Scientific Understanding of Consciousness
Sense of Touch
Science 16 March 2012: Vol. 335 no. 6074 pp. 1373-1376
The Transcription Factor c-Maf Controls Touch Receptor Development and Function
Hagen Wende1, Stefan G. Lechner2, Cyril Cheret1, Steeve Bourane3, Maria E. Kolanczyk1, Alexandre Pattyn4, Katja Reuter1, Francis L. Munier5, Patrick Carroll4, Gary R. Lewin2, Carmen Birchmeier1
1Developmental Biology, Max Delbrück Center (MDC) for Molecular Medicine, Robert-Rössle-Strasse 10, 13125 Berlin, Germany.
2Molecular Physiology, Max Delbrück Center for Molecular Medicine, Robert-Rössle-Strasse 10, 13125 Berlin, Germany.
3Molecular Neurobiology Laboratory, Salk Institute, La Jolla, CA 92037, USA.
4INSERM U.1051, 80 Rue Augustin Fliche, 34091 Montpellier cedex 05, France.
5Jules Gonin Eye Hospital, Avenue de France 15, 1004 Lausanne, Switzerland.
The sense of touch relies on detection of mechanical stimuli by specialized mechanosensory neurons. The scarcity of molecular data has made it difficult to analyze development of mechanoreceptors and to define the basis of their diversity and function. We show that the transcription factor c-Maf/c-MAF is crucial for mechanosensory function in mice and humans. The development and function of several rapidly adapting mechanoreceptor types are disrupted in c-Maf mutant mice. In particular, Pacinian corpuscles, a type of mechanoreceptor specialized to detect high-frequency vibrations, are severely atrophied. In line with this, sensitivity to high-frequency vibration is reduced in humans carrying a dominant mutation in the c-MAF gene. Thus, our work identifies a key transcription factor specifying development and function of mechanoreceptors and their end organs.
Low-threshold mechanoreceptors respond to innocuous mechanical stimulation and are crucial for touch sensation. Mechanoreceptors are physiologically and morphologically diverse and are classified as rapidly adapting, slowly adapting, and D-hair mechanoreceptors (RAMs, SAMs, and D-hairs) on the basis of responses to sustained stimuli and conduction velocities. RAMs/SAMs and D-hairs have large- and medium-diameter myelinated axons, respectively, and are further distinguished by their end-organ morphology.

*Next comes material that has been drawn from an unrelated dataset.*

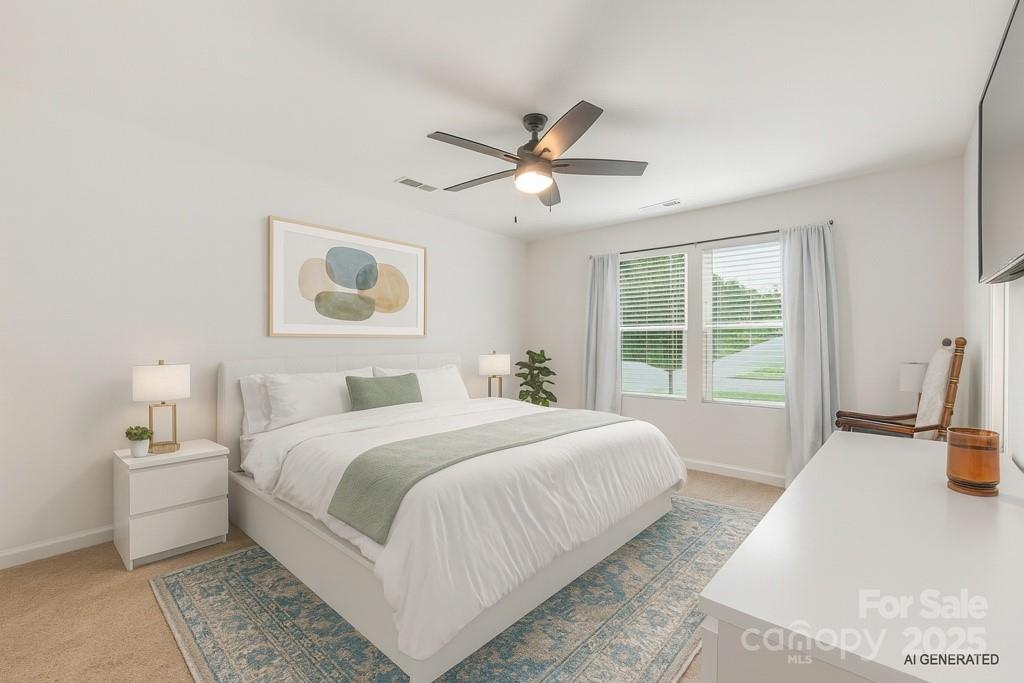 2038 Crooked Oak Lane, Unit 16 York, SC 29745 - Photo 23 of 24 a bedroom with a large bed and a chandelier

Pacinian corpuscles, Meissner corpuscles, and lanceolate endings are RAMs, whereas Merkel cell-neurite complexes and Ruffini corpuscles are SAMs. Distinct mechanoreceptors detect different stimuli, for example, high- or low-frequency vibration, movement, or static skin indentation. Mechanosensory neurons in dorsal root ganglia (DRGs) derive from neural crest cells, but little is known about their molecular characteristics and development. Low-threshold mechanoreceptors and proprioceptors are born during an early neurogenic wave and depend on the basic helix-loop-helix transcription factor Ngn2 for their generation. The tyrosine kinase receptor Ret is expressed in early- and late-born neurons. Recent work showed that “early Ret” neurons are RAMs and depend on Ret for their development. RAMs also express the transcription factor MafA; however, mutation of MafA has little impact on these receptors. The Maf family encodes basic leucine-zipper factors, whose founding member, v-Maf, was identified as a retroviral oncogene. We show that c-Maf/c-MAF, a gene known to control eye and lens development, is crucial for mechanosensory function in mice and humans.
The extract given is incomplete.